** Dataset records **

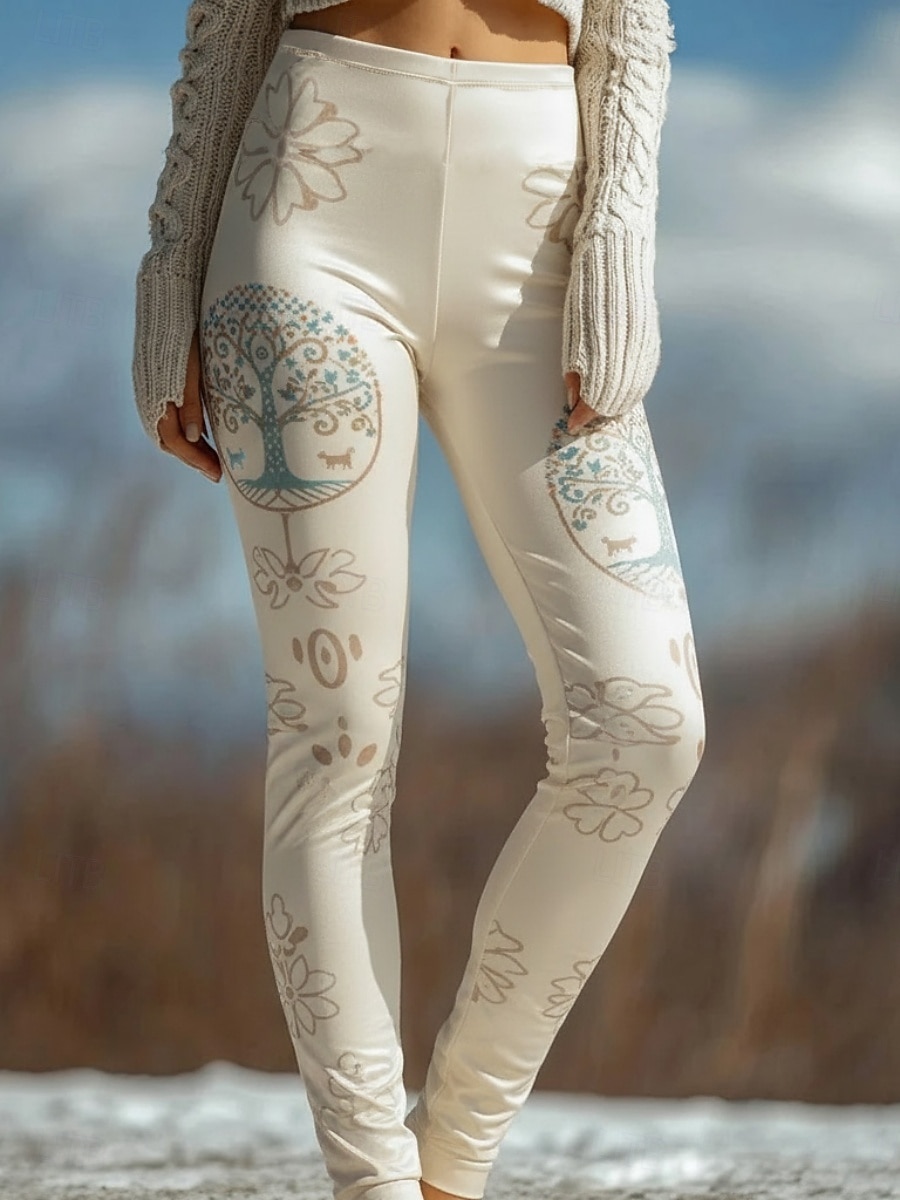 Per donna Leggings Leggings comodi Vacanza Vintage Stile Etnico Lunghezza intera Vita Alta Grafico Albero Stampa Confortevole Elasticizzato Casuale Quotidiano Vacanza Blu Primavera Autunno del 2026 a $20.99 –P2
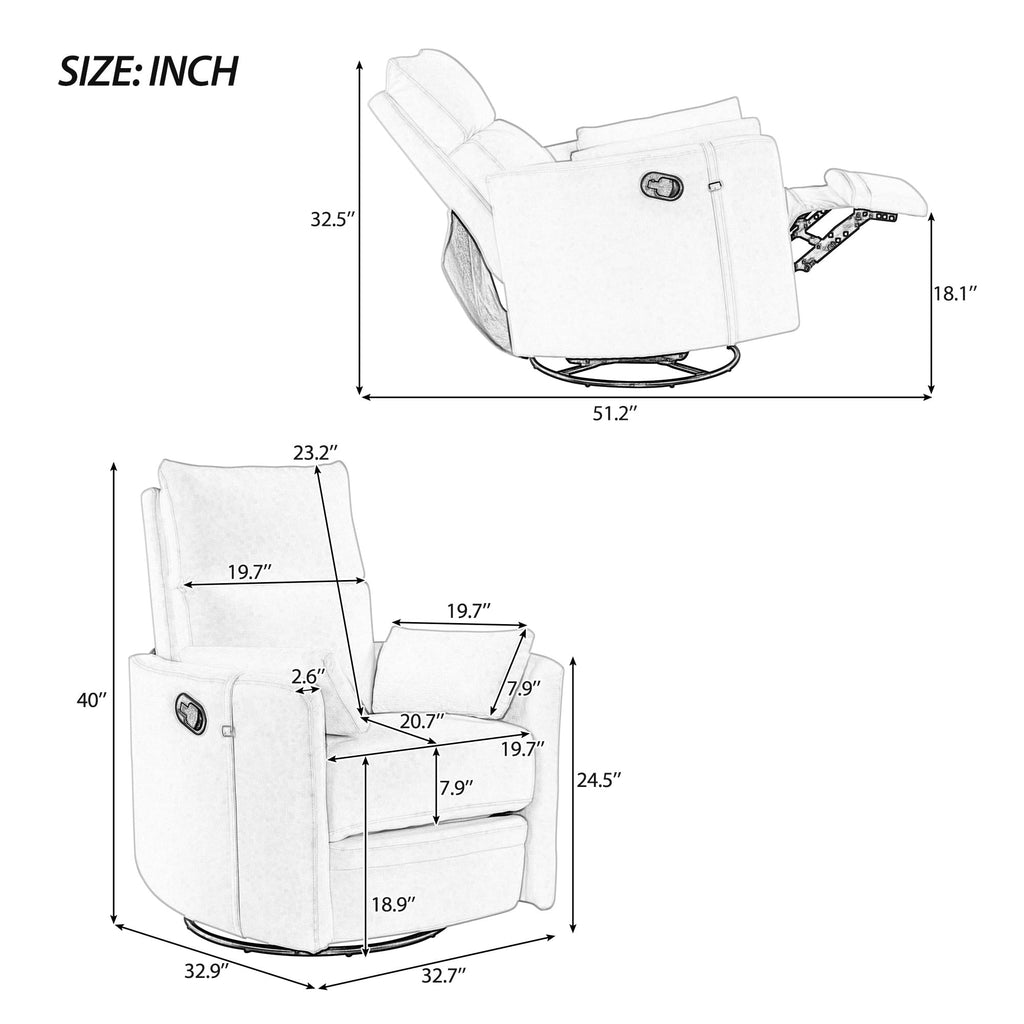 BedLuxury Swivel Recliner Chair with Two Removable Pillows, Beige N329842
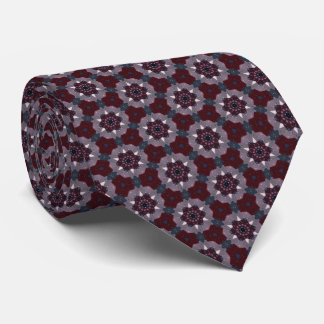 Gravata Burgundy and Gray Quilt Print Neck Tie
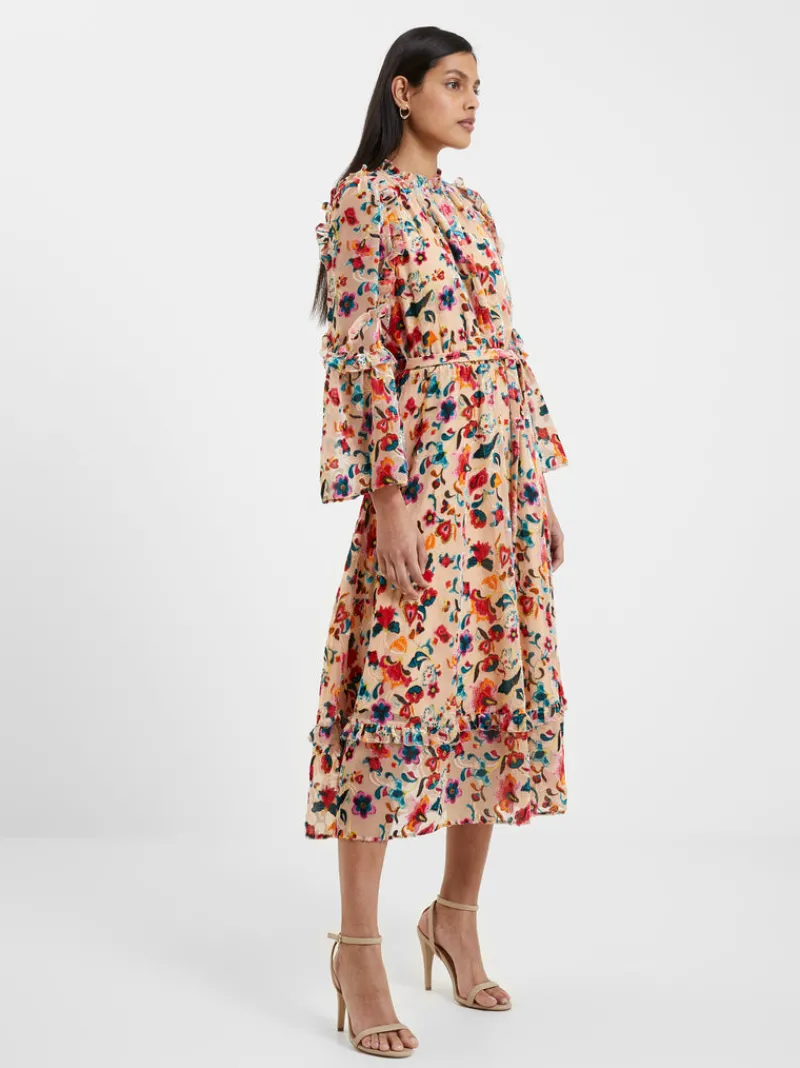 FRENCH CONNECTION Wedding Guest Dresses<Avery Burn-Out Midi Dress ToastedAlmond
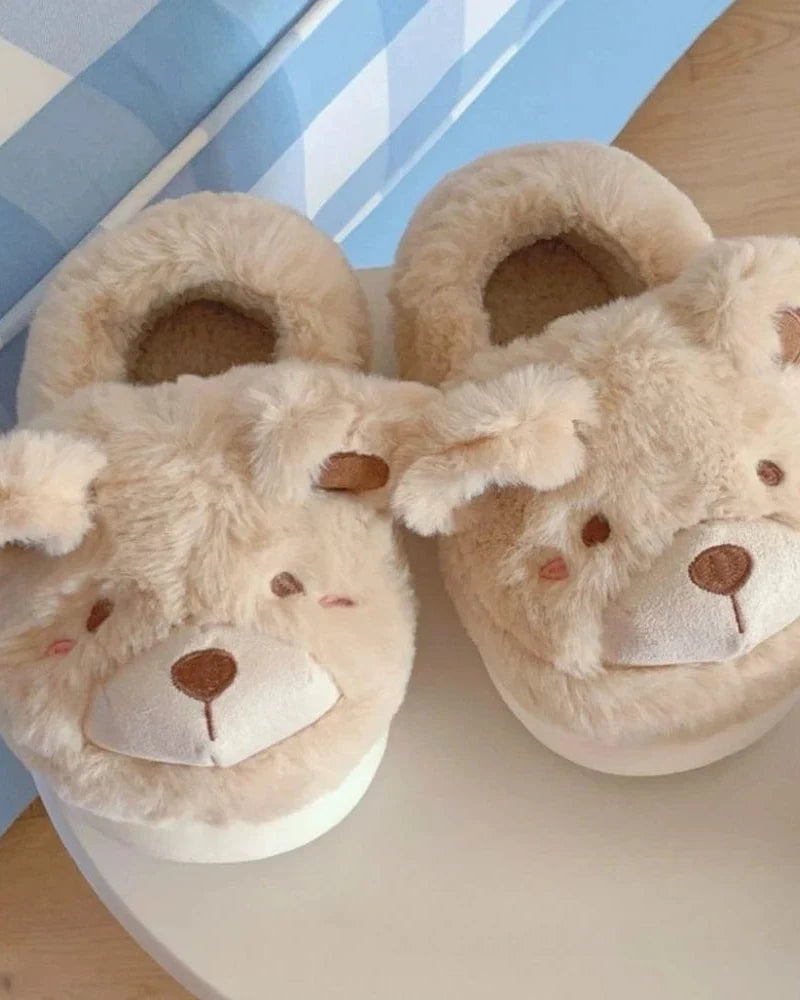 Chaussons animaux femme hiver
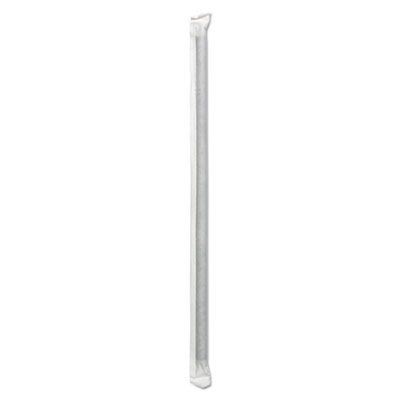 Boardwalk JSTW775B 7.75" Plastic Jumbo Straws, Wrapped, Black - 12500 / Case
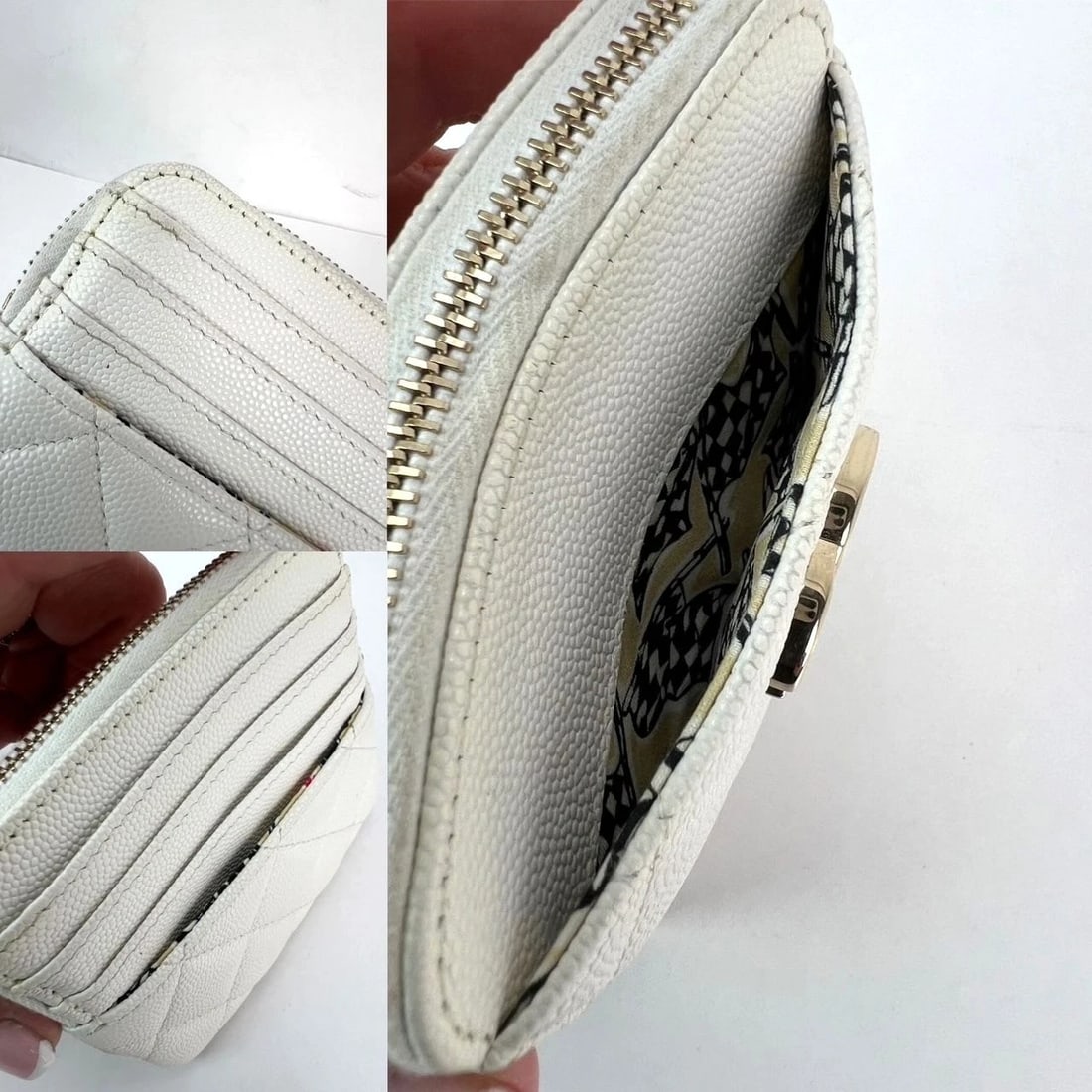 Chanel Caviar Quilted CC Zip Card Holder White Wallet - 4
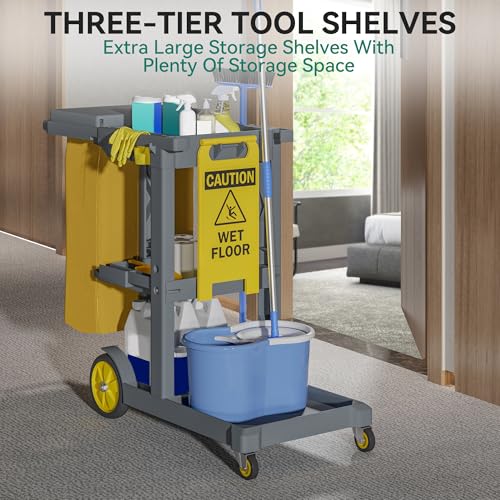 YITAHOME 3-Shelf Cleaning Carts on Wheels, Grey Janitorial Cart - color: Gray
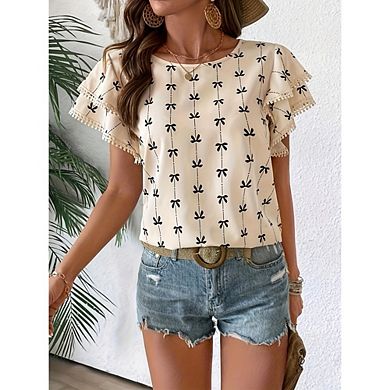 Womens Ruffle Sleeve Blouse Elegant Cute Short Sleeve Top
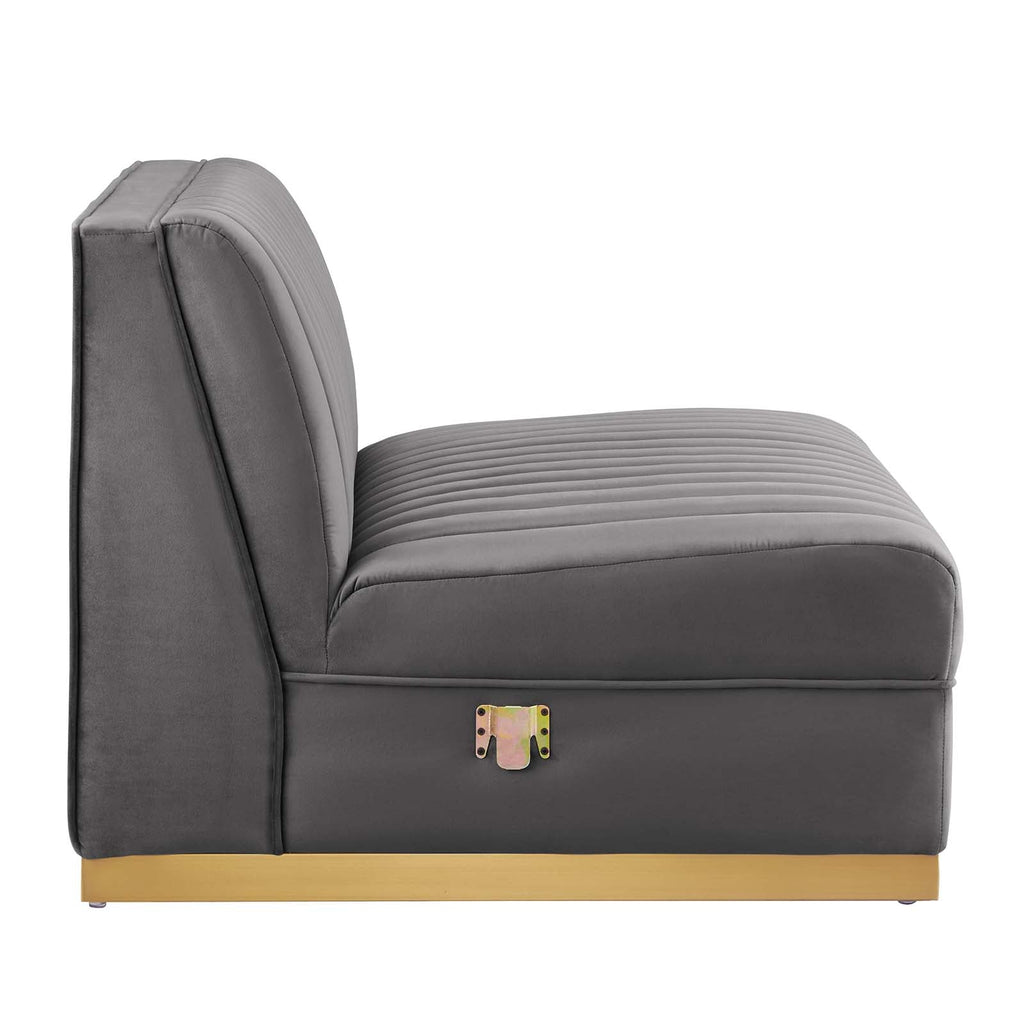 Sanguine 4-Piece Channel Tufted Performance Velvet Right-Facing Modular Sectional Sofa by Modway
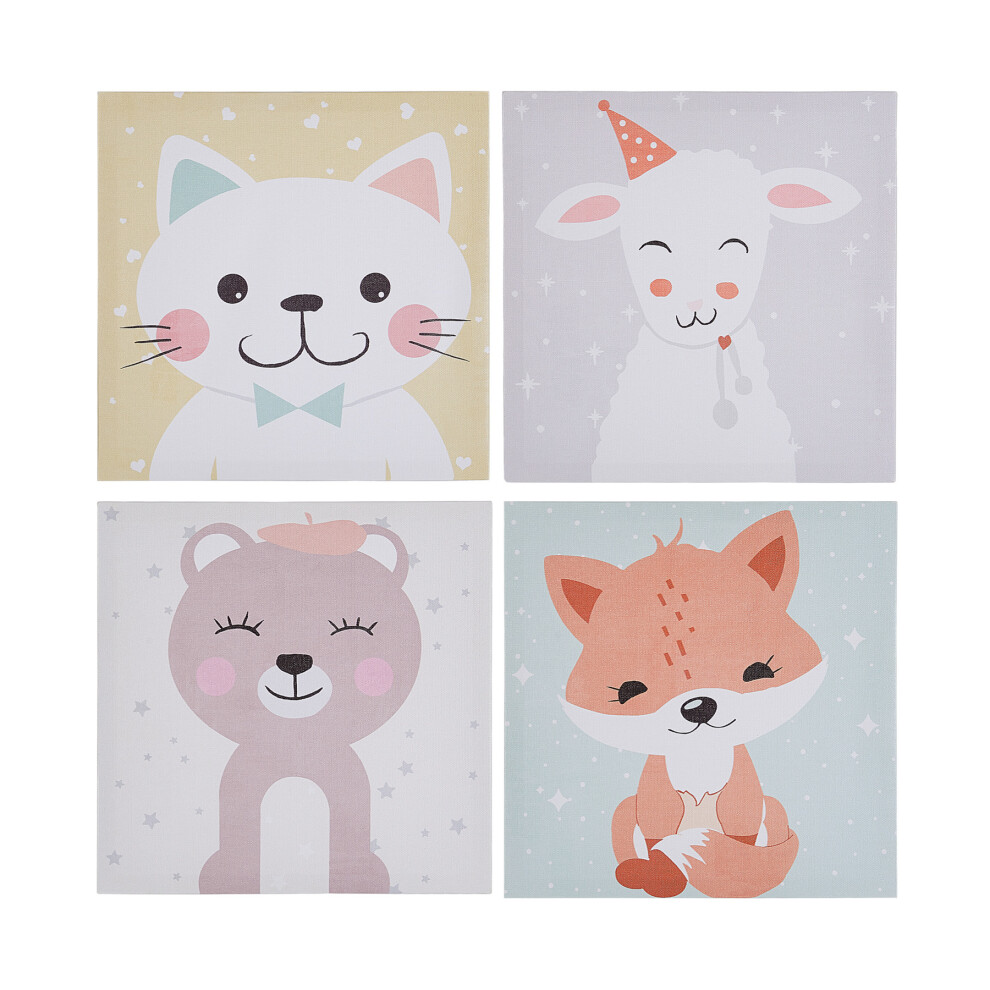 Set of 4 Canvas Art Prints 30 x 30 cm Multicolour BOMBI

** What to produce **
Leave the pictures aside. Set down exactly the lines from the one with "YITAHOME 3-Shelf Cleaning" through the final line of the listing above.

** Result for this task **
 YITAHOME 3-Shelf Cleaning Carts on Wheels, Grey Janitorial Cart - color: Gray
 Womens Ruffle Sleeve Blouse Elegant Cute Short Sleeve Top
 Sanguine 4-Piece Channel Tufted Performance Velvet Right-Facing Modular Sectional Sofa by Modway
 Set of 4 Canvas Art Prints 30 x 30 cm Multicolour BOMBI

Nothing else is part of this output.